■ **Exercise**:
Write out all of the entries exactly as given.

■ **Records shown**:
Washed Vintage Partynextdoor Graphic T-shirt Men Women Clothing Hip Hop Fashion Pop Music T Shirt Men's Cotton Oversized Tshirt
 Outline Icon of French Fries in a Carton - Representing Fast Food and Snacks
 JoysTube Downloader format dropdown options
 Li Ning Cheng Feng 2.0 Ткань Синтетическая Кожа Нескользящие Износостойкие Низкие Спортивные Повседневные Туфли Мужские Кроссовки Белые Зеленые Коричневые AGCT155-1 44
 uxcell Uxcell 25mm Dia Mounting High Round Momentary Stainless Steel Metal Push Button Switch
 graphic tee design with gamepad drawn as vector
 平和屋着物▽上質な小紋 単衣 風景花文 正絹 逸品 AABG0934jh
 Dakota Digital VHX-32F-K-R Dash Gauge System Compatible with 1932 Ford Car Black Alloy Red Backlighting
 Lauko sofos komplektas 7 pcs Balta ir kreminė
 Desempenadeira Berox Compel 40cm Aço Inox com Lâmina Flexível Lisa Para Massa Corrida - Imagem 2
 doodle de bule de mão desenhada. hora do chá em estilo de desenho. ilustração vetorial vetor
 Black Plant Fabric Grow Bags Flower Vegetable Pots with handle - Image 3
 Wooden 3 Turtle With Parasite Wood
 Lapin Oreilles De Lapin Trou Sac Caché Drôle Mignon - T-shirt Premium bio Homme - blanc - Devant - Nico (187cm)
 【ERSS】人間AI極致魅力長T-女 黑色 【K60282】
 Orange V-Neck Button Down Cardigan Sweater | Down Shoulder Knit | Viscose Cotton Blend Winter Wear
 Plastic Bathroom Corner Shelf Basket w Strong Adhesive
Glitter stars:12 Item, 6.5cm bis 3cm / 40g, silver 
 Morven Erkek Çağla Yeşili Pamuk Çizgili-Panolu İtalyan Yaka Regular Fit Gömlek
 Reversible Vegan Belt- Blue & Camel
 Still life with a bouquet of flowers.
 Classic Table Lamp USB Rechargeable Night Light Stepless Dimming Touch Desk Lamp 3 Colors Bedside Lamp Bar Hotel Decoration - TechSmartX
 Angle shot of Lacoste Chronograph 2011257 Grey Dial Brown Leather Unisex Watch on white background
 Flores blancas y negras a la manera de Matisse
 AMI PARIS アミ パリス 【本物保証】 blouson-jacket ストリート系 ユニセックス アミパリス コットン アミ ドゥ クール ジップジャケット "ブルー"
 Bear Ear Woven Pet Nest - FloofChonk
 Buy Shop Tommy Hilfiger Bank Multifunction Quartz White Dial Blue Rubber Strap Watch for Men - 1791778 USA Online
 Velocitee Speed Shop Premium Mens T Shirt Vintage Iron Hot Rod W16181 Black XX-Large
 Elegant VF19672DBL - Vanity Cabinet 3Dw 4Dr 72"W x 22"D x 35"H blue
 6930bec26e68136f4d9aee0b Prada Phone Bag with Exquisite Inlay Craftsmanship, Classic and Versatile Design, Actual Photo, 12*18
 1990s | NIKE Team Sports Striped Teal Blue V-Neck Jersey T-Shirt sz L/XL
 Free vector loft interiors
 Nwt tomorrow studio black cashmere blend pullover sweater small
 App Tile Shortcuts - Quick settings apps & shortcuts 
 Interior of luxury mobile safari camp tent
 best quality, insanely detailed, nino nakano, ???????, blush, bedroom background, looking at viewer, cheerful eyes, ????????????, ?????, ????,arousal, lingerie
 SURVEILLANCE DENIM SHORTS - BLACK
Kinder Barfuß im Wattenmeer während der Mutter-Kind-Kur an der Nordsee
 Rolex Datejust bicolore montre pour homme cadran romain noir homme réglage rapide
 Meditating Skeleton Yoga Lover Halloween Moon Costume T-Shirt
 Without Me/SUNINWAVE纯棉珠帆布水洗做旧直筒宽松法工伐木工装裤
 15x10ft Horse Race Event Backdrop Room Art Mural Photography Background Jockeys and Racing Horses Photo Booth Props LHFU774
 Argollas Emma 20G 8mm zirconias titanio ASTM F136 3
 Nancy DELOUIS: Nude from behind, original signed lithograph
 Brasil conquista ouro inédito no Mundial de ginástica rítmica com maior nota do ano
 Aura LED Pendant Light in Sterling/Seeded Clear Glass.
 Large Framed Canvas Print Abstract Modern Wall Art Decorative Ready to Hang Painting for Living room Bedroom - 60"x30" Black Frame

■ **Result for this task**:
Washed Vintage Partynextdoor Graphic T-shirt Men Women Clothing Hip Hop Fashion Pop Music T Shirt Men's Cotton Oversized Tshirt
 Outline Icon of French Fries in a Carton - Representing Fast Food and Snacks
 JoysTube Downloader format dropdown options
 Li Ning Cheng Feng 2.0 Ткань Синтетическая Кожа Нескользящие Износостойкие Низкие Спортивные Повседневные Туфли Мужские Кроссовки Белые Зеленые Коричневые AGCT155-1 44
 uxcell Uxcell 25mm Dia Mounting High Round Momentary Stainless Steel Metal Push Button Switch
 graphic tee design with gamepad drawn as vector
 平和屋着物▽上質な小紋 単衣 風景花文 正絹 逸品 AABG0934jh
 Dakota Digital VHX-32F-K-R Dash Gauge System Compatible with 1932 Ford Car Black Alloy Red Backlighting
 Lauko sofos komplektas 7 pcs Balta ir kreminė
 Desempenadeira Berox Compel 40cm Aço Inox com Lâmina Flexível Lisa Para Massa Corrida - Imagem 2
 doodle de bule de mão desenhada. hora do chá em estilo de desenho. ilustração vetorial vetor
 Black Plant Fabric Grow Bags Flower Vegetable Pots with handle - Image 3
 Wooden 3 Turtle With Parasite Wood
 Lapin Oreilles De Lapin Trou Sac Caché Drôle Mignon - T-shirt Premium bio Homme - blanc - Devant - Nico (187cm)
 【ERSS】人間AI極致魅力長T-女 黑色 【K60282】
 Orange V-Neck Button Down Cardigan Sweater | Down Shoulder Knit | Viscose Cotton Blend Winter Wear
 Plastic Bathroom Corner Shelf Basket w Strong Adhesive
Glitter stars:12 Item, 6.5cm bis 3cm / 40g, silver 
 Morven Erkek Çağla Yeşili Pamuk Çizgili-Panolu İtalyan Yaka Regular Fit Gömlek
 Reversible Vegan Belt- Blue & Camel
 Still life with a bouquet of flowers.
 Classic Table Lamp USB Rechargeable Night Light Stepless Dimming Touch Desk Lamp 3 Colors Bedside Lamp Bar Hotel Decoration - TechSmartX
 Angle shot of Lacoste Chronograph 2011257 Grey Dial Brown Leather Unisex Watch on white background
 Flores blancas y negras a la manera de Matisse
 AMI PARIS アミ パリス 【本物保証】 blouson-jacket ストリート系 ユニセックス アミパリス コットン アミ ドゥ クール ジップジャケット "ブルー"
 Bear Ear Woven Pet Nest - FloofChonk
 Buy Shop Tommy Hilfiger Bank Multifunction Quartz White Dial Blue Rubber Strap Watch for Men - 1791778 USA Online
 Velocitee Speed Shop Premium Mens T Shirt Vintage Iron Hot Rod W16181 Black XX-Large
 Elegant VF19672DBL - Vanity Cabinet 3Dw 4Dr 72"W x 22"D x 35"H blue
 6930bec26e68136f4d9aee0b Prada Phone Bag with Exquisite Inlay Craftsmanship, Classic and Versatile Design, Actual Photo, 12*18
 1990s | NIKE Team Sports Striped Teal Blue V-Neck Jersey T-Shirt sz L/XL
 Free vector loft interiors
 Nwt tomorrow studio black cashmere blend pullover sweater small
 App Tile Shortcuts - Quick settings apps & shortcuts 
 Interior of luxury mobile safari camp tent
 best quality, insanely detailed, nino nakano, ???????, blush, bedroom background, looking at viewer, cheerful eyes, ????????????, ?????, ????,arousal, lingerie
 SURVEILLANCE DENIM SHORTS - BLACK
Kinder Barfuß im Wattenmeer während der Mutter-Kind-Kur an der Nordsee
 Rolex Datejust bicolore montre pour homme cadran romain noir homme réglage rapide
 Meditating Skeleton Yoga Lover Halloween Moon Costume T-Shirt
 Without Me/SUNINWAVE纯棉珠帆布水洗做旧直筒宽松法工伐木工装裤
 15x10ft Horse Race Event Backdrop Room Art Mural Photography Background Jockeys and Racing Horses Photo Booth Props LHFU774
 Argollas Emma 20G 8mm zirconias titanio ASTM F136 3
 Nancy DELOUIS: Nude from behind, original signed lithograph
 Brasil conquista ouro inédito no Mundial de ginástica rítmica com maior nota do ano
 Aura LED Pendant Light in Sterling/Seeded Clear Glass.
 Large Framed Canvas Print Abstract Modern Wall Art Decorative Ready to Hang Painting for Living room Bedroom - 60"x30" Black Frame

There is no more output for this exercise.